Hadley recently spoke with Street Fight about the tension between local and national in weather coverage and information, the secrets behind Weather Channel’s success on mobile, and his predictions for the coming year. He will be appearing as a speaker at Street Fight Summit in New York later this month as part of an IAB-led panel titled “Using Location to Monetize Mobile Inventory.”
How has the Weather Channel used location to monetize mobile?
That’s the key thing to mobile. There so many ads and so much inventory, but what makes a difference is the location-based part of it. Two big reasons I came to the Weather Channel were the strength we have in mobile and all the data we have. We can take the time, the place, and the weather, and send a message to someone on [his or her] phone. The Weather Channel properties on mobile can be the portal to the zip code. If I’m in midtown [Manhattan], we can offer you something that makes sense. If I’m in Los Angeles, we can offer you something different. On mobile, the key thing is to be relevant.
The Weather Channel’s app is massively popular. Did you know that coming in?
I knew it coming in, but a big reason I came here was because of the numbers. It’s always one of the top five apps, up there with Facebook and Google, but if you dig deeper, the numbers are impressive. Seventy-two percent of the people who have our app check it twice a day. The native weather app on the iPhone is our data, but it’s more a launching pad for us. Just knowing what the weather is right now is not enough.

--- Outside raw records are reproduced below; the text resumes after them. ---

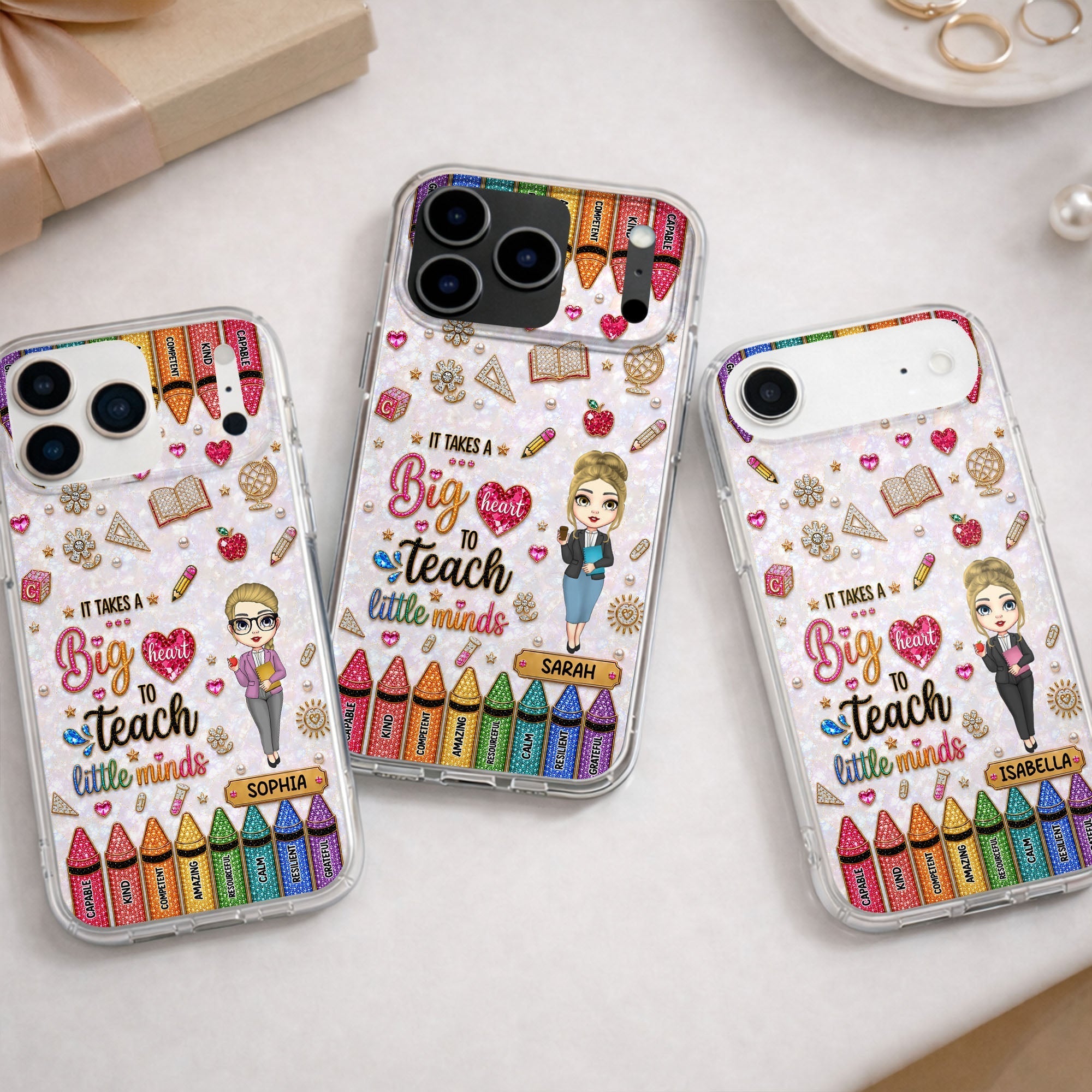 Personalized Clear Phone Case Custom Teacher Gift for Educator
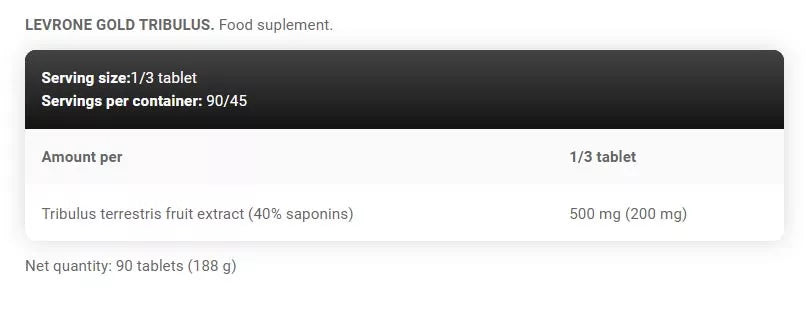 Kevin Levrone Gold Line Tribulus (90 Tablets)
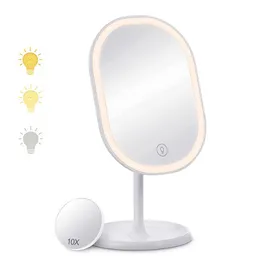 LED Vanity Mirror Light Makeup med 1x/10x förstoring 3 färger Badrumskosmetiska bord LED ED 220509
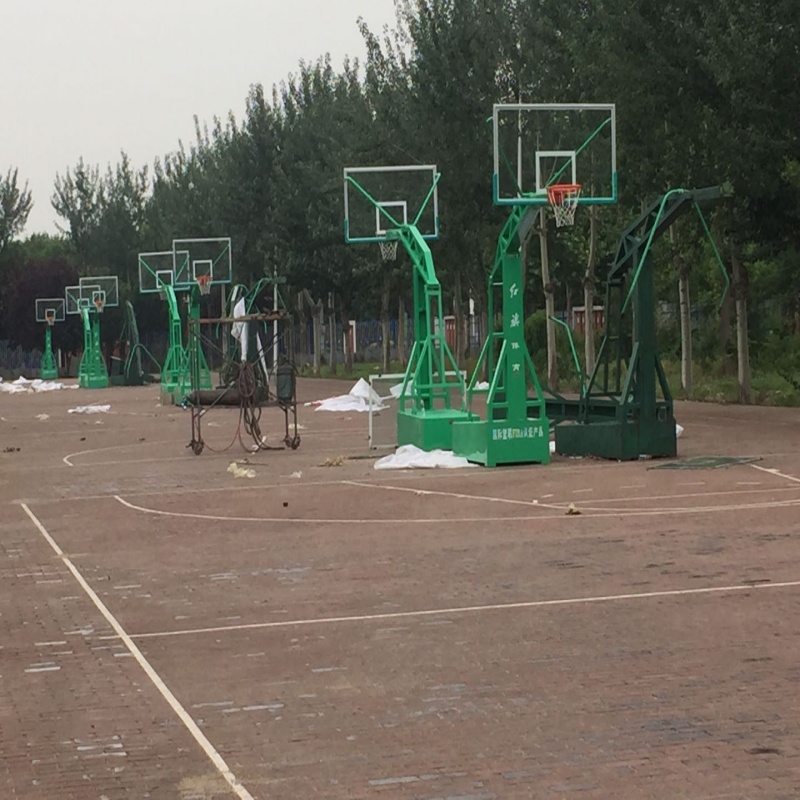 河北骏驰电动液压篮球架产品图
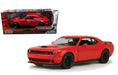 2018 Dodge Challenger SRT Hellcat Widebody Red - Motormax 1/24 - 79350 RD - Passion Diecast 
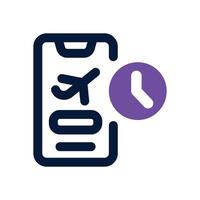 booking app dual tone icon. Sleek and modern icon for websites and mobile apps. vector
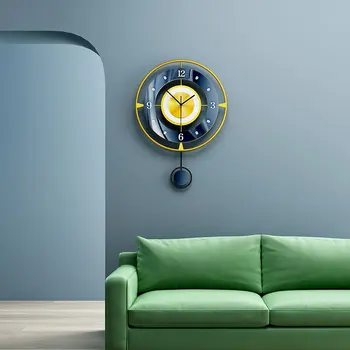 Sieninis Laikrodis Namų Puošybai Kambarį Šiuolaikinės Virtuvės, Miegamojo Laikrodžiai Dekoratyvinė Kalvystė Plokštės Silent Tradicinių Švytuoklės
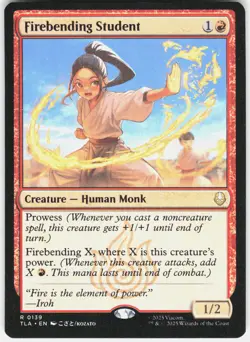 Firebending Student 139 Avatar: The Last Airbender Magic: The Gathering Foil NM - Image 1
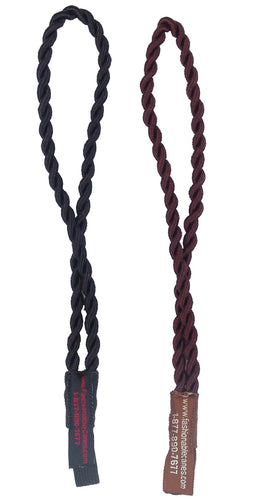 Royal Canes Brown Cane Wrist Strap - Braided Rope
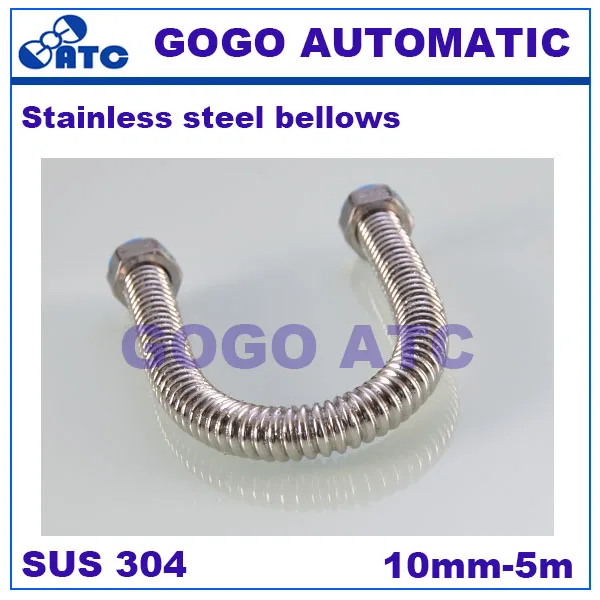

stainless steel 304 Corrugated pipe 1/2 high pressure explosion-proof water heater inlet and outlet hose Water pipe fitting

You want the five-day. You want hourly. People just keep coming back to it.
Weather is inherently local but also national (because everyone talks about it and deals with it). From an advertising perspective, how does that work? Does the pitch change when you go to national brands?
It changes to some degree. We have people in every zip code using the app all the time, so we can approach smaller companies that way. For the national brands, it works because we can say, “Here’s five years of weather data. Give us your sales data, and we can do a comparison.” That allows our marketing partners to change their pitch on a local-by-local basis. The weather impacts sales on a local level, so we can help national advertisers work on a local level that way.
You partnered with Jumptap to host political ads during the election season. How did that work?
It went really well. Just like weather has a hyperlocal focus, the election is made on a zip code by zip code basis. We did some modeling and we were able to say with more than an 80% chance that if it was a rainy day in three key zip codes in Ohio, it would have swung the other way. We could really tell that story and push the message. We could tell them to get out and vote or let them know that the local voting place was only half a mile away.
Will you do more political ad stuff?
I think more and more. All the political stuff is getting concentrated in the social spaces on the Web. When it comes down to the midterms or the next presidential election, I think mobile is going to be so advanced that it will be the No. 1 place where people market.
What do you see happening in 2013?
I think there’s going to be a lot more mobile. One thing that’s holding mobile back is the creative side. We need to come up with new formats that we are more excited about. We’re rolling out branded backgrounds on Android in early February and iOS in March. Burberry took over our iPad app during the Olympics and it’s going to be similar to that. In our case, when you have people checking it two or three times a day, you can really story-tell. Think of that for a place like McDonald’s, which is serving three meals a day, or Tylenol. You wake up and you have a sick kid. You give him Tylenol once, then again six hours later, then again before bed. We think that’s going to be a much richer palette.
Noah Davis is a senior editor at Street Fight.